With a large membership and a willing group of donors, theMuseum Association declared, rather loudly, in 1934 that the collection had grown too large for the space in the basement of the courthouse. The group wanted a separate museum building, and continued to ask for a museum building for many decades to come.
During the ’30s, ’40s and ’50s, the Museum Association not only staffed the museum, but also had its members lead tours of the area, hosted lectures and educational programs and put on one of the valley’s most anticipated and well-attended annual fundraising dinners.
The 1960s saw some significant changes to the operation of the museum and the association.
First, in 1962, the county agreed to pay $6,000 for about 300 Paiute-Shoshone baskets from the collection of Rose Black of Big Pine. The collection was put in cases and put on display in the courthouse museum in about 1964. The baskets have remained one of the museum’s prized exhibits and represent one of the largest collections of Paiute-Shoshone-Panamint basketry in the country. The collection helped fulfill the founders’ wishes to preserve the region’s “Indian culture.”
Walter Dow, who was quite elderly at the time, pledged to pay for the long-awaited and much-needed museum building in 1966. Dow, along with his wife Maude, built and ran the Dow Villa Motel in Lone Pine, the Winnedumah Motel in Independence and Glacier Lodge, above Big Pine, in addition to running a ranch outside of Lone Pine and being instrumental in brining the herd of Tule elk to the Owens Valley.
According to Klusmire, construction moved quickly on the building located on a parcel of land leased from the Los Angeles Department of Water and Power at the western edge of Independence. The building was completed in 1967, and formally dedicated in April 1968, exactly 40 years after the creation of the Eastern California Museum Association. By August 1968, the Association and Inyo County had come to an agreement that had the county take over the care and cost of operating the new building, but with the Association still playing a large role in running the facility.
In December of the same year, the yard outside the new building was almost filled up with donations of farm equipment, tractors, wagons, buggies, freight wagons and construction wagons and other equipment used on the Los Angeles Aqueduct. An assortment of large mining artifacts was also added to the collection.
About 20 years later, work started on a new museum wing and bookstore. In 1997, the county contributed $150,000 to the project, which was matched by more than $100,000 in donations, raised mostly through the Friends of the Eastern California Museum, the volunteer group that had assumed the role of the former Museum Association under a new name. In 1999, the new wing and bookstore was completed. Volunteers then built Pioneer Village, consisting of Western-style buildings on the museum grounds, and also installed the Mary DeDecker Native Plant Garden.

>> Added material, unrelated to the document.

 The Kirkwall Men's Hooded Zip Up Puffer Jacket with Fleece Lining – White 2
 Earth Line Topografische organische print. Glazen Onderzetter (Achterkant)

The next improvement project headed up by the Friends of the Eastern California Museum is the Jane Bright Memorial Rock and Mineral Garden.

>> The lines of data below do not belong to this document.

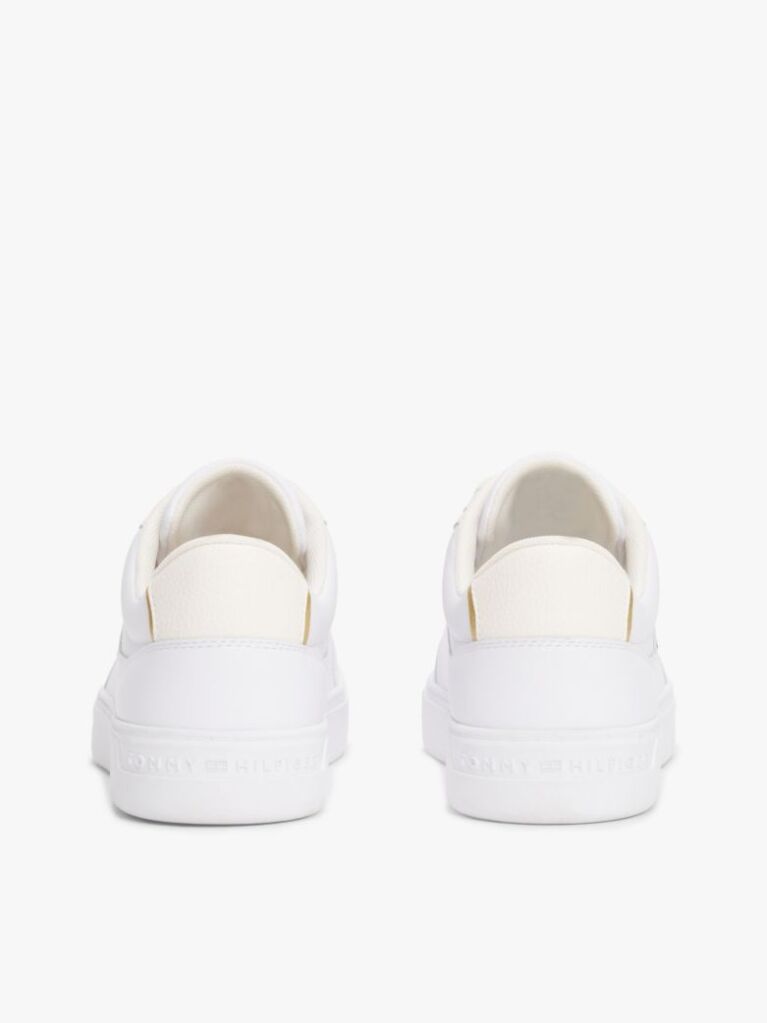 White TH Monogram Leather Court Trainers  Women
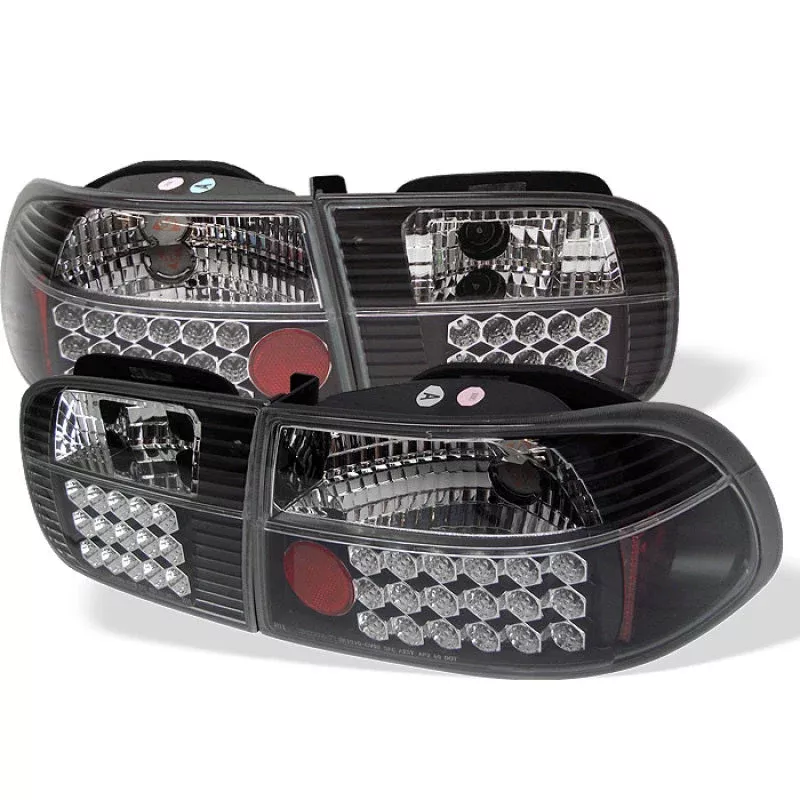 Spyder Honda Civic 92-95 3DR LED Tail Lights Black ALT-YD-HC92-3D-LED-BK 5004727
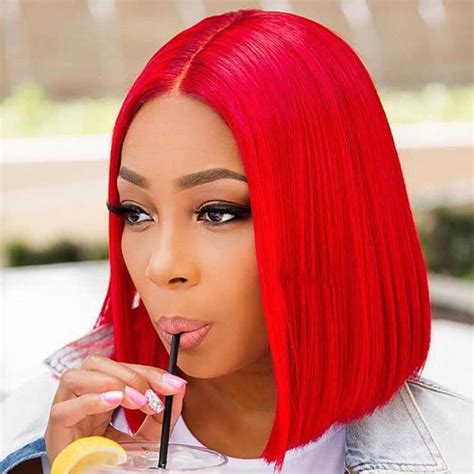 Short Red Straight Lace Front Human Wigs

Klusmire noted that seems to be a lot of history, but said it only scratches the surface of the 80 years of dedication Inyo County residents and businesses have devoted to preserving their collective past.

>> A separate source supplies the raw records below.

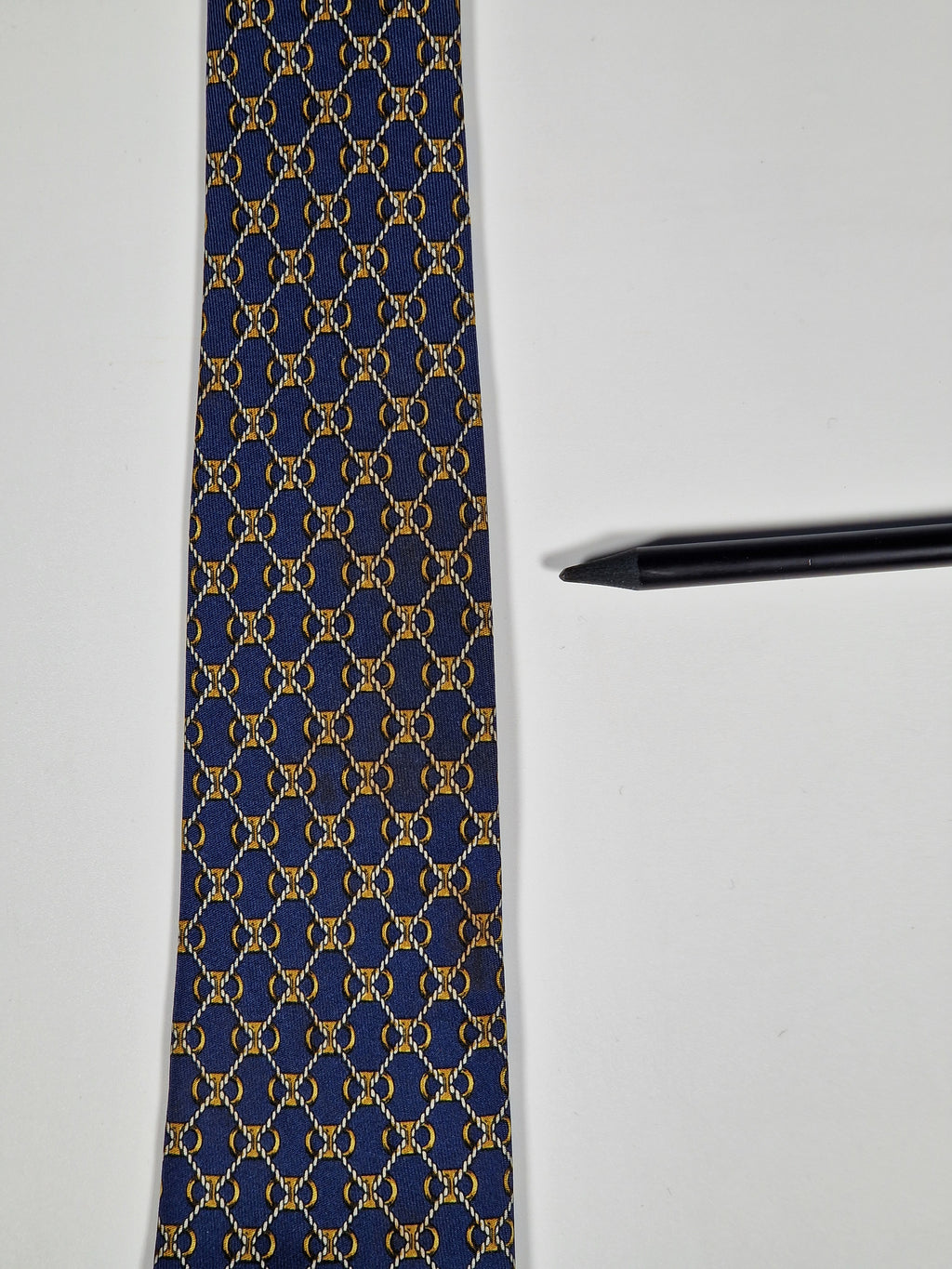 Vintage Hermès silk tie blue scarf ring ropes 714 FA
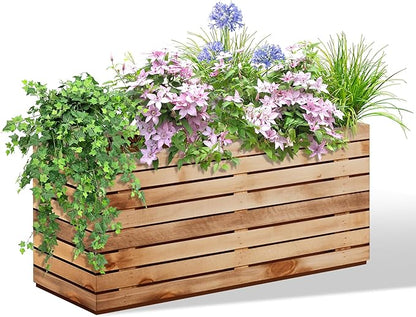 Rectangular Planters for Outdoor Plants, Large Planter Box with Drainage Holes, Metal Balck Palnters for Patio, Garden (32" L x 15" W x 16" H, Walnut Wood Grain)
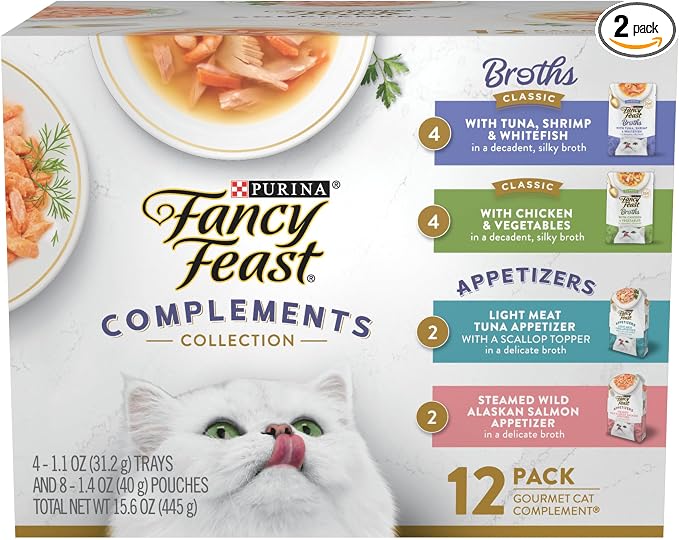 Purina Fancy Feast Lickable Appetizers and Broths Collection Grain Free Wet Cat Food Topper Variety Pack - 12 ct. Box (Pack of 2 Pack)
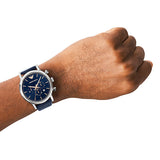 Emporio Armani Luigi Chronograph Blue Dial Blue Leather Strap Watch For Men - AR11451 Authentic Buy Shop Now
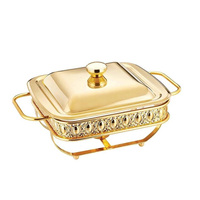 Meilleur Ensemble de Vaisselle Doré Chauffant au Combustible pour Hôtel, Chauffe-Plat en Acier Inoxydable, Marmite à Soupe Chaude, Boîte à Chapatis, Ustensiles de Cuisine, Plat à Chafing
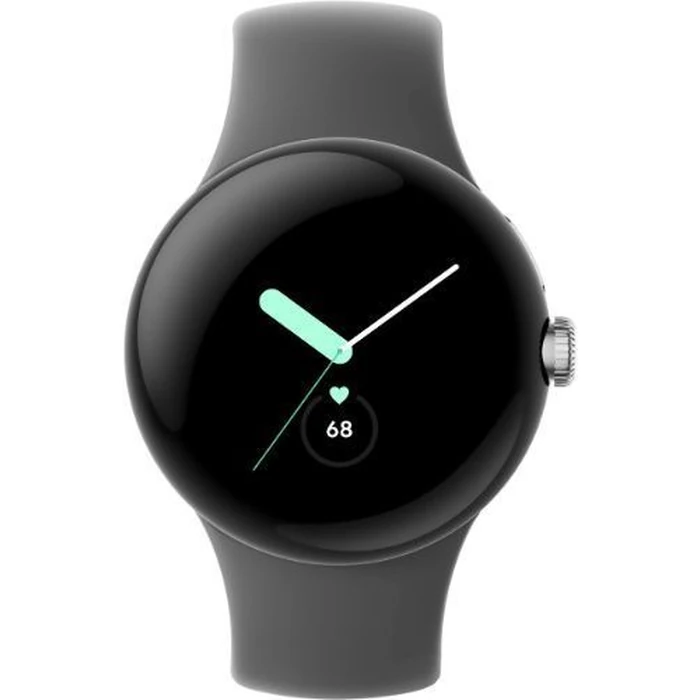 Google Pixel Watch 1 (Bluetooth) - 32GB - 41mm - Polished Silver Stainless Steel Case with Charcoal Fluoroelastomer Active Band by Google - Refurbished - Excellent condition - US$48.98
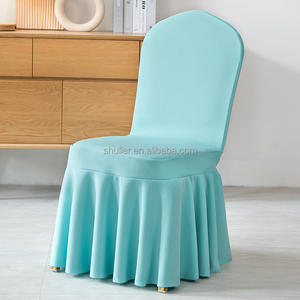 Couvertures <span class=keywords><strong>de</strong></span> <span class=keywords><strong>chaise</strong></span> en Spandex d'hôtel <span class=keywords><strong>extensible</strong></span> <span class=keywords><strong>de</strong></span> <span class=keywords><strong>grande</strong></span> jupe <span class=keywords><strong>de</strong></span> couche d'air épaissie bleue - Product Image 1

“This Saturday’s birthday fete is an opportunity to enjoy the fruits of the labor of those who have laid the solid foundation for the preservation of the region’s history,” he said, “and celebrate the foresight and wisdom of that group of concerned young men who, 80 years ago, thought time was moving a bit too fast, and took steps to help the community keep the present in perspective by remembering and preserving the past.”